A. The ALJ Failed to Develop the Record

The Commissioner raises three main arguments: (1) there were no obvious gaps in the record and, therefore, the ALJ was under no obligation to obtain more information; (2) the ALJ had sufficient evidence upon which to base his decision; and (3) because the ALJ considered the combined effects of Andrew's impairments, any error the ALJ made in failing to fully address either Andrew's mental impairment or his foot neuropathy was harmless and does not warrant a remand. Def's Memo., Doc. 29, pp. 13, 15-17, 19. I find none of those arguments persuasive.

The ALJ has an essential duty to "investigate and develop the facts and develop the arguments both for and against the granting of benefits." Vincent v. Comm'r of Soc. Sec., 651 F.3d 299, 305 (2d Cir. 2011) (internal citations omitted). That duty is grounded in the Social Security regulations, which provide that the Commissioner will "develop [the claimant's] medical history" and will "make every reasonable effort to help [the claimant] get medical records from [his] own medical sources and entities." 20 C.F.R. § 416.912(b)(1). It is well-established that the duty to develop the record is heightened when the claimant is proceeding pro se. Moran v. Astrue, 569 F.3d 108, 113 (2d Cir. 2009). In that instance, the ALJ is tasked with safeguarding the claimant's rights by "ensuring that all of the relevant facts [are] sufficiently developed and considered" and by "scrupulously and conscientiously probing into, inquiring of, and exploring for all the relevant facts." Id. (internal citations and alterations omitted); Lopez v.

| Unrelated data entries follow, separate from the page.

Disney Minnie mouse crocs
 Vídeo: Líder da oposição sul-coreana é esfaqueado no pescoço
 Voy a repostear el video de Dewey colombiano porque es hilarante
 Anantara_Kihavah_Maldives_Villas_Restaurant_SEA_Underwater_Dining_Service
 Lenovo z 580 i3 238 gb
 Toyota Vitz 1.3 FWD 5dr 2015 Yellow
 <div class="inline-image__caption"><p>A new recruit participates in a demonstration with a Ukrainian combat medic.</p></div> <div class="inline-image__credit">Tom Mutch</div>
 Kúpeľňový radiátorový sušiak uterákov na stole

Sec'y of Dept. of HHS, 728 F.2d 148, 149-50 (2d Cir. 1984) (holding that "the ALJ has a special duty to protect the rights of a pro se claimant [and] . . . [w]hen the ALJ fails to develop the record fully, he does not fulfill this duty and the claimant is deprived of a fair hearing."). Furthermore, federal courts have a concomitant duty to "make a searching investigation of the record" to ensure that a pro se claimant's rights have not been infringed. Moran, 569 F.3d at 113 (citation omitted). With those principles in mind, I now turn to a consideration of the evidence in the record.

1. Gaps in the Record

a. Hebron Family Services

The record shows that Andrew was treated at HHMG Hebron by general practitioners Dr. Hilding and Dr. Gildersleeve. There, he was prescribed medication to treat his various conditions, and those progress notes are part of the administrative record under review. R. at 312-33. At several points in the record, however, there are indications that Andrew also treated with a mental health specialist. But despite Andrew's testimony that he sought treatment from Hebron Family Services for "anxiety, panic attacks, and depression," the record does not include any evidence of treatment by a mental health professional and no records from Hebron Family Services. Tr. of ALJ Hr'g, R. at 49. The Commissioner argues that "what [Andrew] calls 'Hebron Family Services' is in fact Hartford Healthcare's Hebron, CT location, where he reported . . . receiving psychiatric treatment, by way of medications, from Dr. Gildersleeve." Def's Memo., Doc. 29, p. 14. Andrew argues that while "he continued to get treatment at Hartford HealthCare every three months at the time of his hearing . . . [h]e also started mental health treatment at Hebron Family Services . . . ." Pl's Memo., Doc. 27-2, p. 5. Having reviewed the record and both arguments, I conclude that the record is not clear with respect to HHMG Hebron and Hebron Family Services. Accordingly, it was incumbent on the ALJ to either fill the gap in the record with evidence of Andrew's treatment relationship with a mental health professional, or indicate on the record that the Social Security Administration attempted to obtain such documentation and found that none existed. Harris v. Saul, 2019 WL 5703633, at *4 (W.D.N.Y. Nov. 5, 2019) (holding that a missing medical record was not harmless where that record might evidence a competing medical opinion from a treating provider).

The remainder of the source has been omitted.